Konfliktregeln braucht kein Mensch.

Braucht ein Rollenspiel wirklich Regeln für Konfliktauflösung?
Stellt man mir die Frage: nein.

Wenn ich auf unsere besten, weil intensivsten und interaktivsten Spielerlebnisse zurückblicke, stelle ich fest, daß ein gelungenes Spielerlebnis für mich von Faktoren abhängt, die wenig mit der mechanischen Regelung von Konflikten zu tun haben.

Aber zuerst meine Definition für „gelungenes Spielerlebnis“:

  • möglichst hohe Identifizierung/Immersion mit dem Charakter und der Spielwelt
  • idealerweise keine Brüche der suspension of disbelief durch metaspielige Tätigkeiten

Meine Faktoren für gelungene Spielerlebnisse:

  • die Spieler handeln als Schauspieler in einem Improvisationsstück (die skandinavische Art zu spielen)
  • gemäß der Impro-Maxime „no blocking“ bauen die Spieler auf den von den Mitspielern etablierten Fakten in der Spielwelt auf, ohne sie zu negieren
  • weil explizite Konfliktauflösungsmechaniken fehlen, lösen die Spieler Konflikte auf der Erzählebene. Das bringt die Charaktere näher an die Spieler

Das bringt mich zur Ausgangsfrage zurück: Brauche ich Regeln, die Konflikte im Spiel auflösen? Oder brauche ich eher Regeln, die allen Spielteilnehmern sagen, wer wann bestimmen darf, wo’s langgeht?

Die Antwort aus dem traditionellen Lager ist klar: Rollenspiele brauchen Konflikt-Auflösungsregeln. Wie soll man denn sonst beispielsweise bestimmen, wer einen Kampf gewinnt?

Ich bin nach einem relativ kurzen Ausflug in die Welt der Retro-Spiele wieder in die Gefilde der Freiformerei und Erzählregeln zurückgekehrt. Maßgeblich daran beteiligt war ein Spielerlebnis mit meinem Risus-Retro-Fantasy-System Helden & Abenteuer.

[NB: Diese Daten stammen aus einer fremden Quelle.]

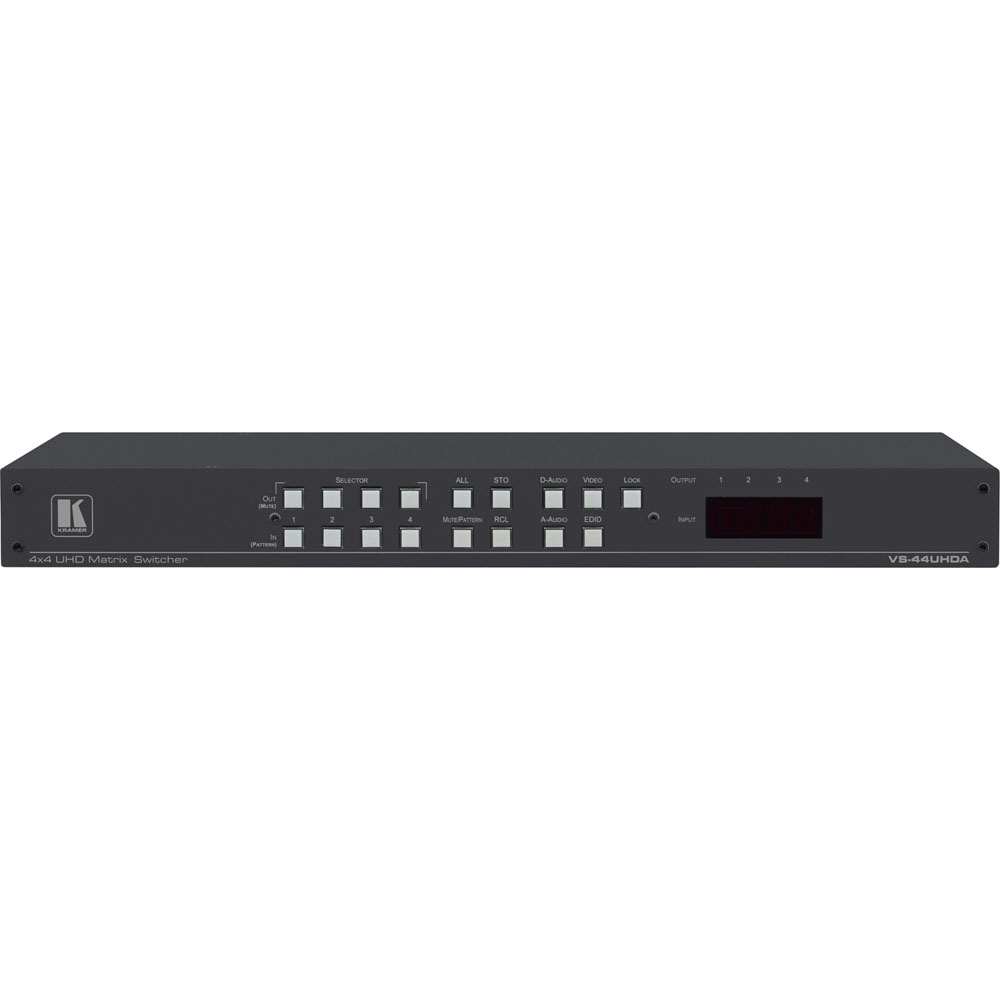 4x4 4K UHD HDMI and Audio Matrix Switcher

Trotz beachtlich größerer Kampfkraft der Helden kam es beinahe zum total party kill — ich hatte die Ergebnisse gedreht, um das Abenteuer am Laufen zu halten. Die Stimmung am Tisch sackte trotzdem spürbar ab: Die Luft war raus, und das lag einzig und allein am traditionellen Spielansatz. Nach der Sitzung sprachen wir über das eben Erlebte, und meine Spieler, auch die konservativsten, waren sich einig, daß die Stimmung einen Tiefpunkt erreicht hätte, wenn die Helden zu ihren Göttern aufgefahren wären.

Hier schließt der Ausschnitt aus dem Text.